You should’ve bought a real iPad.

[Thanks to MacDailyNews Reader “Peter G.” for the heads up.]

24 Comments

    1. Google is your friend, when it comes down to finding porn inadvertantly.
      When you Google (in Dutch): “Dog helping in housekeeping”, then the first hit is a porn site.

    1. I do agree. They should have bought an iPad. If you want to prepare a kid for real life go to the iTunes Store. Lots of their games are great training apps for shooting and killing.

    2. Not to say that immature children have to have access to porn, but a 9 year old child already has to have knowledge how people appear. There should be nothing specifically revealing in those porn videos, no explanations from the mother should be needed. “Yes, adults sometimes engage in that, it is natural behaviour of every adult human.”.

    3. It kills the parent inside irrespective of the make. Zeki tablets run Android, probably a very early version. The mother should sue Digital Products, Inc., the manufacturer and throw Google into the frame for both te fun of it and for a possible deep pockets’ settlement, either in a New York City Small Claims Court or another court with jurisdiction over this negligence. Win or lose, with or without damages awarded with a win, the publicity could do great harm to DPI and/or to Google.

      I say good luck, and buy Apple next time out unless the iPad Mini is out of the question. Maybe Google would agree to cough up a Nexus tablet for the girl, as well.

  1. CBS-13 reports, “Who knows how many times this has happened and no one said anything about it,” she said. “Another one could be on its way to another kid.”

    Perhaps that’w why she should have checked out the device before giving it to her kid.

    The parent should have also turned on Parental Controls.
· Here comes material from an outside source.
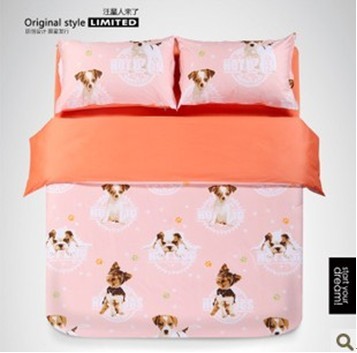 �X(ju��)�Ҿ��OӋ����(��i)���� �`�Џ��Ё�(l��i)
    1. Do you open all your items you give as a gift to test them out? Remember, they bought a Zeki Tablet so even if you do open the items before hand, they obviously didn’t have the brains to do so… but that goes without saying

    2. I can’t possibly imagine ANYONE every unboxing and testing a product they bought from a legitimate store, to make sure it is right, before they re-box the whole thing and wrap it as a gift. Vast majority of products have some sort of a seal (a sealed plastic bag, or blister pack, or sealing sticker on an envelope) that must be visibly broken in order to get to the product. Would anyone in their right mind every want to do this for a gift? What kind of gift would it be if it has been opened before?

      The suggestion makes zero sense.

      The fault for this one sits squarely with the no-name brand and nobody else. Certainly NOT on the consumer.

  2. Message for parents: check the stuff you buy your kids, before you give it to them, particularly when you are buying cheap Chinese knockoff shit.

    This particular item wasn’t store bought, but that doesn’t help if the image the manufacturer–in this case an ultra cheap outfit that probably was using software copied from another manufacturer-was using had porn on it. Target isn’t going to know there’s a problem until someone complains, and how many cheap android tablets go anywhere other than from being unwrapped to the bottom of a desk drawer?

    And if it comes from the store? You have to check it—you can never be sure that what you are buying isn’t something someone opened, reshrinkwrapped, and returned as new.

    And this doesn’t apply in this case, but anyone that buys an open box item and hands it straight to a child needs to be sterilized.

    1. It was ordered from Target. The creation date on that porn file was sometime in June, and it appeared to be an amateur video shot at someone’s home. The box was factory-sealed when it arrived.

      I’d like to see that assembly operation at this company; how would one sneak a file onto one (or more) of their tablets.

      The device apparently isn’t even a legitimate Android licensee — they aren’t allowed to pre-install Google Apps (Android Market/ Google Play, Gmail, Google Maps, etc).

  3. Score! Free porn! *ahem* I’m just gonna confiscate this for a little bit. Mommy needs to copy some files. Oh, but trust me hon, in a few years, all the boys will want to do this with you, and you’ll want to with them. Mommy and Daddy used to. That’s how we got you.